Run Balena Etcher and select the OSMC disk image downloaded previously, as well as the SD card you’ll be using in your Pi. Click ‘Flash!’ when ready to write the image.
Stick around, it might take a few minutes for the data to be written.
Done! Remove the SD card and insert it into your Raspberry Pi.
Controlling OSMC with a Keyboard
To navigate OSMC, use the arrow keys to select menu items, the ENTER key to select items, and the BACKSPACE key to go back.
Configuring OSMC for Raspberry Pi
Now that OSMC is installed, it’ll need some configuration before it can be used.
When OSMC is booted for the first time it will partition and format your SD card.
…and install some files. It’s all automatic, just sit back and wait.
When the installation has completed, the main OSMC menu will appear. Don’t do anything just yet, the first-run configuration tool will automatically open after a few seconds.
The first run configuration for OSMC will ask some questions about your language and locale. Answer with whatever suits you best.
Give your device a name which will be used on your network (if you connect OSMC to your network). A randomly generated name can be used if you aren’t feeling creative.
Enabling SSH is recommended for troubleshooting purposes. SSH can also be used to transfer media files over the network using SFTP.
As always, there are various terms and conditions that must be accepted before using the software.
Back to the main menu – OSMC is ready to go!

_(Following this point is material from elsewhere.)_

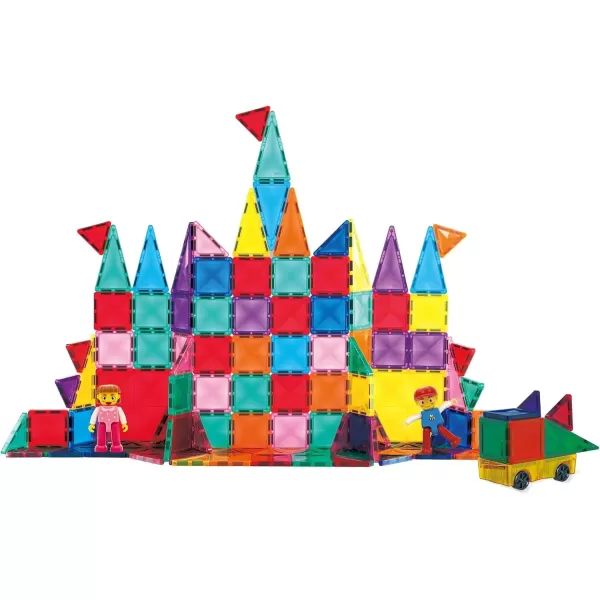 120pc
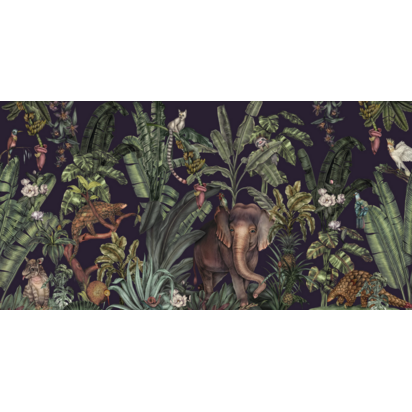 Screenshot 2025 11 13 123606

Connecting OSMC to Your Wifi Network
OSMC is up and running, but it can’t do much yet – for this you’ll need a network connection.
Select ‘Settings’ from the main menu, and then navigate to the ‘System’ menu.
Select the ‘Services’ menu item and ensure AirPlay is enabled. This is useful if you have iOS devices and wish to watch streaming services on your TV – I’ll cover this later.
Return to the ‘Settings’ menu and navigate to ‘My OSMC’.
Select the network Icon at the top of the ‘My OSMC’ menu.
Select the ‘Wireless’ option. Ensure ‘Enable Adapter’ is selected, and then wait a few minutes while the list of available WiFi networks is refreshed.
Select your WiFi network from the list on the right of the screen.
Confirm your WiFi network selection.
Enter the password for your WiFi network.
Select ‘Apply’ and wait a few moments for OSMC to finish connecting. You’ll see the IP address details populate when the connection is ready.
When everything’s up and running, the network status will show as ‘Connected’.
Go back to the ‘My OSMC’ menu and select the ‘Updates’ menu item on the right.
Navigate to ‘Manual Controls’ and select ‘Scan for Updates Now’ – we want to make sure all software used by OSMC is up to date!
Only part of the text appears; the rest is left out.